2. There are three marriages featured in the novel: Grace and Bain, Prissy and Kody, and Erin and Marley. Are there any similarities? What does each marriage reveal about the nature of commitment?
3. Few parents would ever admit that they are disappointed in their children. Do you find Grace's criticisms of her sons realistic? If there is blame to place, do you think Grace, Bain, Hank, or Erin is at fault for the family's inability to communicate?
4. Inheritance in various forms is a complex part of the narrative. Grace ponders genetics and the age-old debate between nature and nurture, wondering what, if anything, her sons have inherited from her. Inherited wealth-or the lack thereof-shapes the relationship between Hank and his parents. What do you think the story reveals about what can and cannot be passed between generations? How do Grace, Bain, Ferris, Erin, and Hank reflect attitudes toward inherited traits or inherited wealth?
5. Eleanor Montgomery's stoicism is a point of contention between Ferris and Grace, and yet both siblings keep their personal pain secret in much the same way. Is this Eleanor's legacy? Is it the same one that Grace passes on to her own children?

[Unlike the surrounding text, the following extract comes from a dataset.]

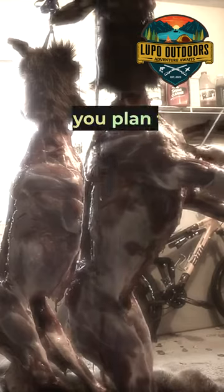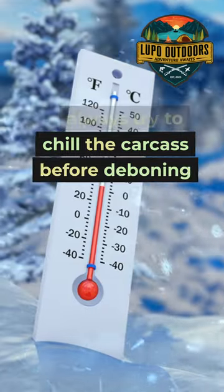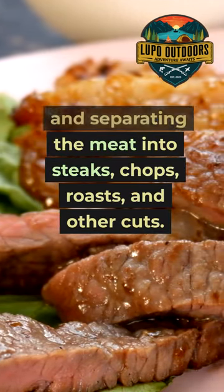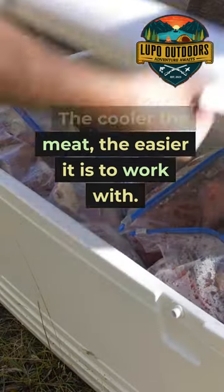Chill your bear before butchering, if you plan to butcher your bear on your own. Always try to chill the carcass before deboning and separating the meat into steaks, chops, roasts, and other cuts. The cooler the meat, the easier it is to work with.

6. Prissy's background differs substantially from the other major characters and yet part of her appeal is that she's different. What is her role in the novel? What does she reveal about Grace? Do you find her sympathetic?
7. How is "clamming" used as a metaphor?
8. The Cape Cod landscape is more than just the setting for this novel. How does it contribute to the feel/tone of the book? How does it illuminate the characters?
9. What is the author saying about the nostalgia of a "family home"? Is it the product of the imagination? Can memories be separated from the places in which they occurred? How do Grace, Bain, and Erin treat their memories-as sores or as solace?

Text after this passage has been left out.